The Board of Directors, upon the recommendation of the Corporate Governance and Nominating
Committee, has recommended the nomination of 10 of the current members of the Board of Directors for
one year terms that will expire at the Annual Meeting to be held in 2020. If any nominee should become
unable or unwilling to serve as a director, the proxies will be voted at the Annual Meeting for substitute
nominees designated by the Board. The Board presently has no knowledge that any of the nominees will be
unable or unwilling to serve.
The following provides information with respect to each individual nominated and recommended to
be elected to the Board of Directors. Each individual below is also a director on the Board of Directors of
Heritage Bank of Commerce:
JULIANNE M. BIAGINI-KOMAS, age 56, was formerly a member on the Focus Business Bank board
of directors and joined the Board of Directors of the Company in August 2015. Ms. Biagini-Komas is
currently the Vice President, Finance and Human Resources of CNEX Labs, Inc., San Jose, California.
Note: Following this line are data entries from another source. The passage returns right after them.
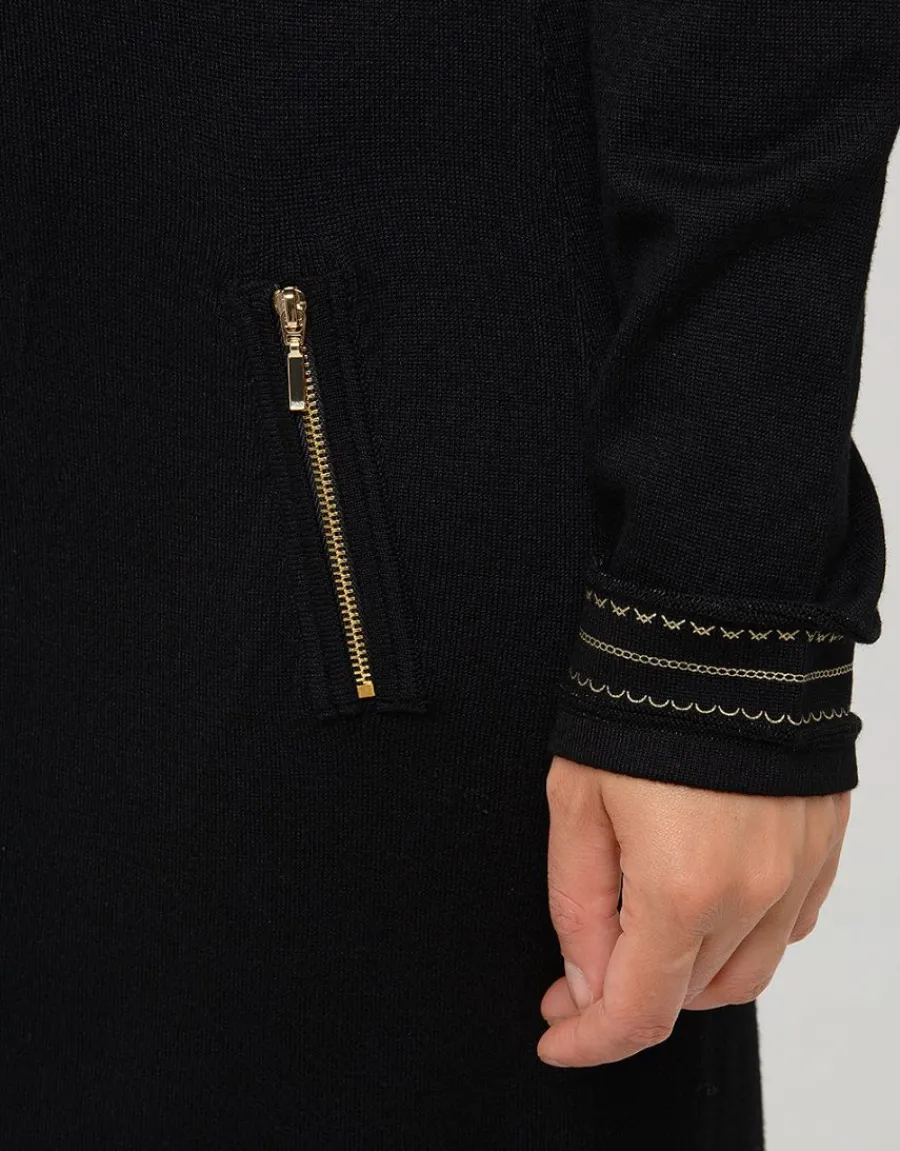 Christine Laure Robes|Robes & Jupes*Robe pull noir détails or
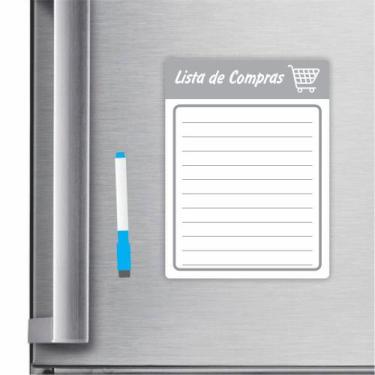 Imagem de Imã De Geladeira Planner Lista De Compras 20x15cm Cinza - Micro Oficin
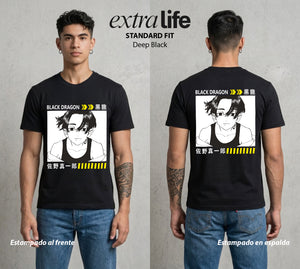 Pandillas del Tiempo | El Mickey del Bien #04391 - Playera Standard Fit | Deep Black - Foto en modelo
She was the Chief Financial Officer of Quantumscape Corporation, San Jose, California, from 2011 to
2014. Previously, she was the Chief Financial Officer of Endwave Corporation, a Nasdaq-listed company,
from 1994 to 2007. Ms. Biagini-Komas has a Bachelor of Science degree in Accounting from San Jose State
University and a Masters in Business Administration degree from Santa Clara University. Ms. Biagini-
Komas is a Certified Public Accountant. With over 20 years of human resource administration experience,
Ms. Biagini-Komas is particularly suited to serve as Chair of the Compensation Committee. With her
experience as a chief financial officer and her accounting background, Ms. Biagini-Komas provides
valuable insight and perspective regarding accounting and tax issues and is particularly suited to serve as a
member of the Board’s Audit Committee and the Loan Committee.
FRANK G. BISCEGLIA, age 73, became a director of the Company in 1994. Mr. Bisceglia is a Senior
Vice President—Investments, Advisory and Brokerage Services, Senior Portfolio Manager, Portfolio
Management Program at UBS Financial Services, Inc., a full-service securities firm. Mr. Bisceglia has a
Bachelor of Science degree in Industrial Management from San Jose State University. Mr. Bisceglia
contributes to the Board a substantial understanding of finance and investments from over 41 years of
experience as a financial advisor to corporate and high-wealth individuals. As a long-term member of the
Board and Chair of the Loan Committee, he has a broad based understanding of the Company’s business
and he has developed a general knowledge of the Company’s credit administration and loan underwriting
process.
JACK W. CONNER, age 79, became a director of the Company in 2004. Mr. Conner was elected
Chairman of the Board in July, 2006. Mr. Conner was Chairman and Chief Executive Officer of Comerica
California from 1991 until his retirement in 1998, and remained a director until 2002. He was President
and a director of Plaza Bank of Commerce from 1979 to 1991. Prior to joining Plaza Bank of Commerce,
he held various positions with Union Bank of California (formerly Union Bank) where he began his
banking career in 1964. Mr. Conner has a Bachelor of Arts degree from San Jose State University.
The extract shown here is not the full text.